##### Supplied information
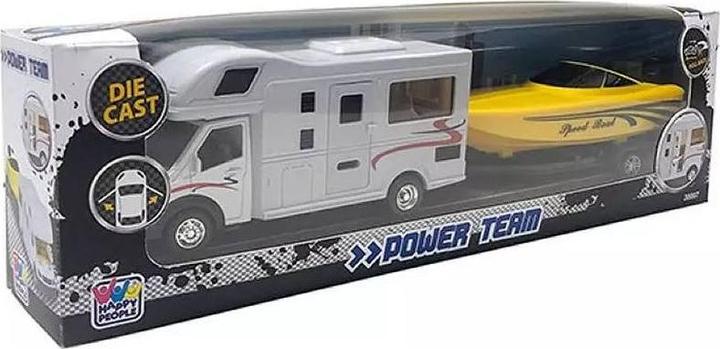 Produktbild Happy People Wohnmobil+Boot mit Rückzug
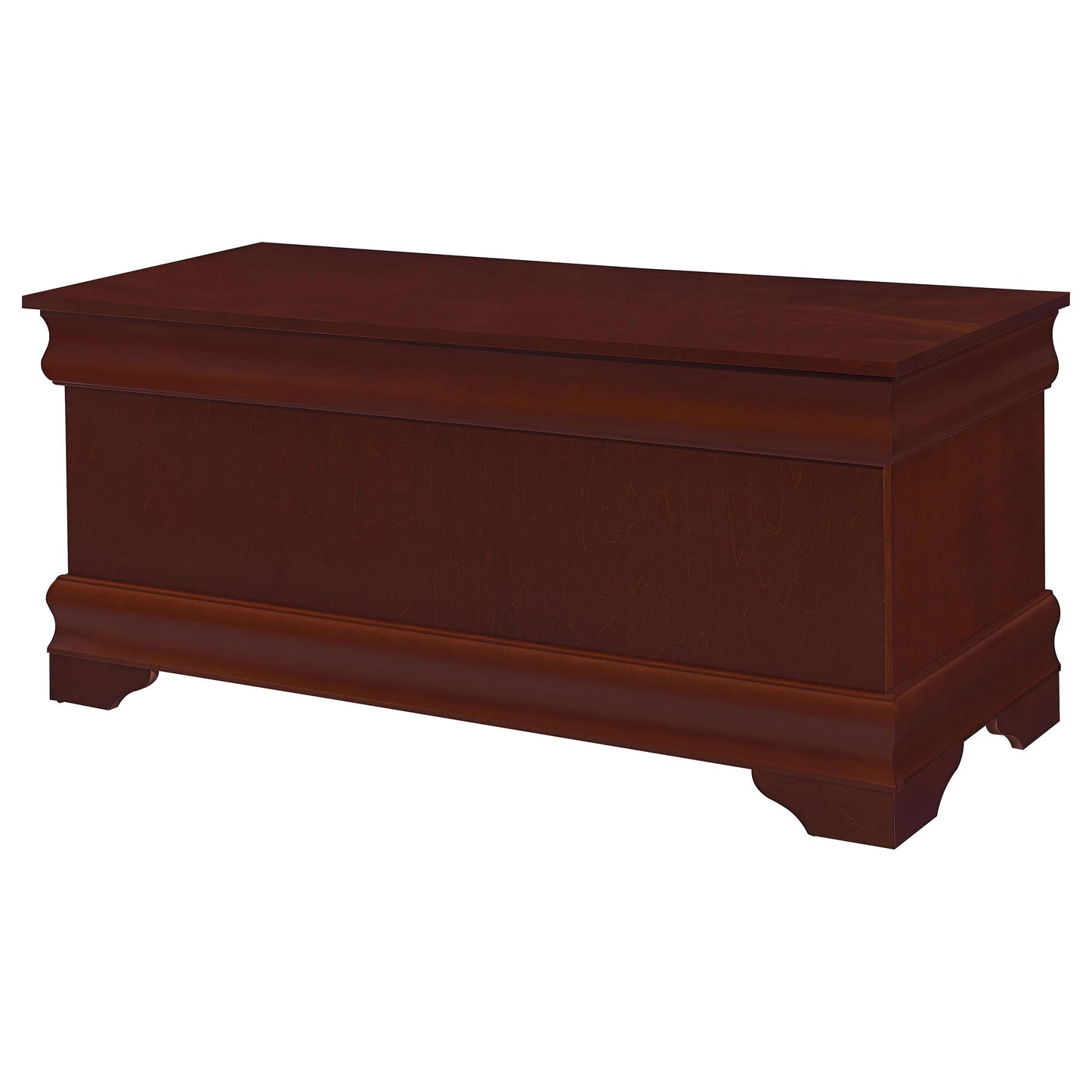 Coaster Home Furnishings - Pablo - Wood - Cedar Chest with Flip-Open Top, Lined Interior and Base Molding - Bedroom - 47-Inch - Warm Brown - 900022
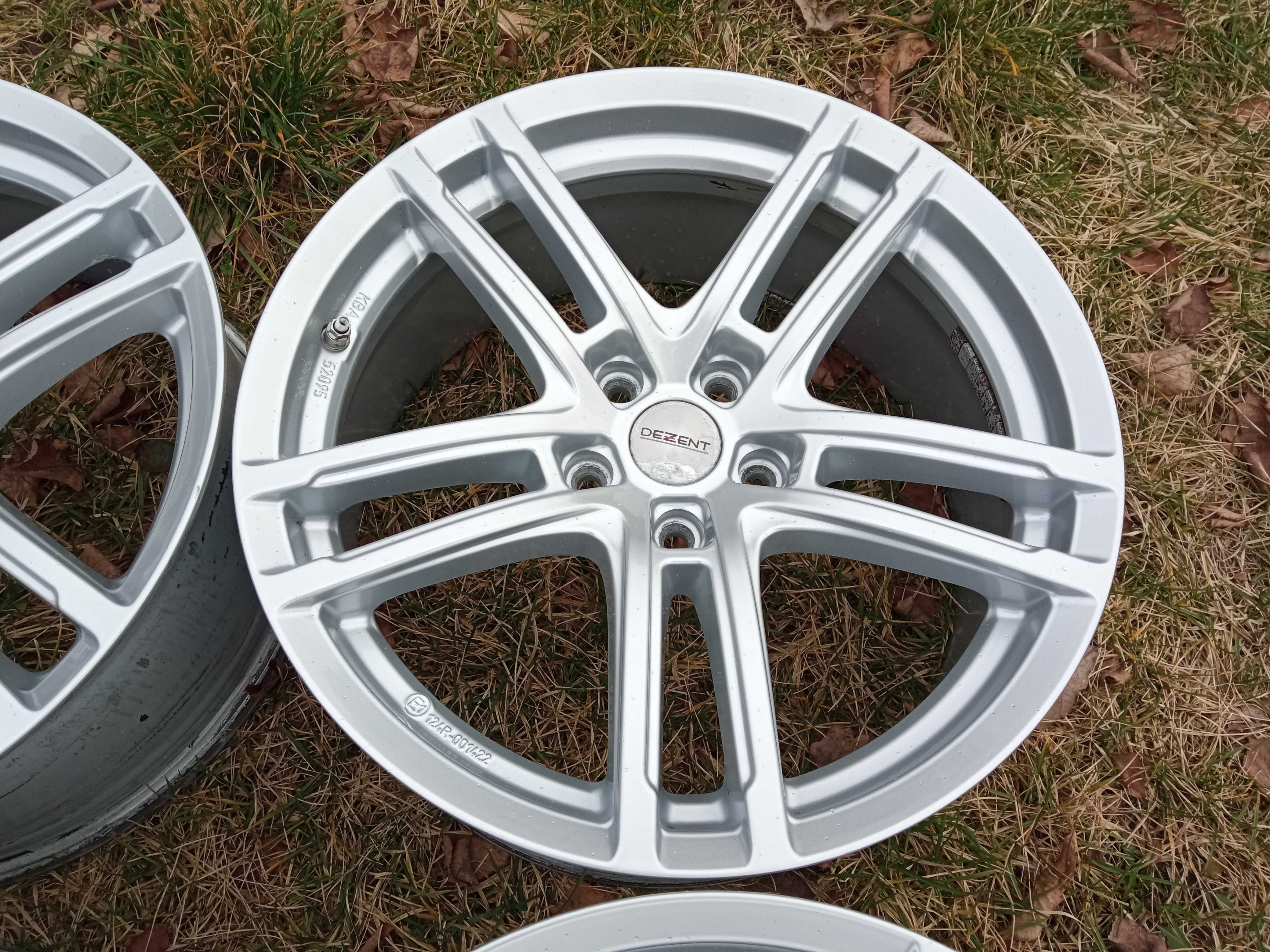 Felgi Dezent 18cali 5x112 et30 czujnik Audi VW Mercedes BMW Skoda Seat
##########
> [Exercise requirements] The aim is an exact repeat of the entire listing, stripped of pictures.

> [Output of the exercise]
 Produktbild Happy People Wohnmobil+Boot mit Rückzug
 Coaster Home Furnishings - Pablo - Wood - Cedar Chest with Flip-Open Top, Lined Interior and Base Molding - Bedroom - 47-Inch - Warm Brown - 900022
 Felgi Dezent 18cali 5x112 et30 czujnik Audi VW Mercedes BMW Skoda Seat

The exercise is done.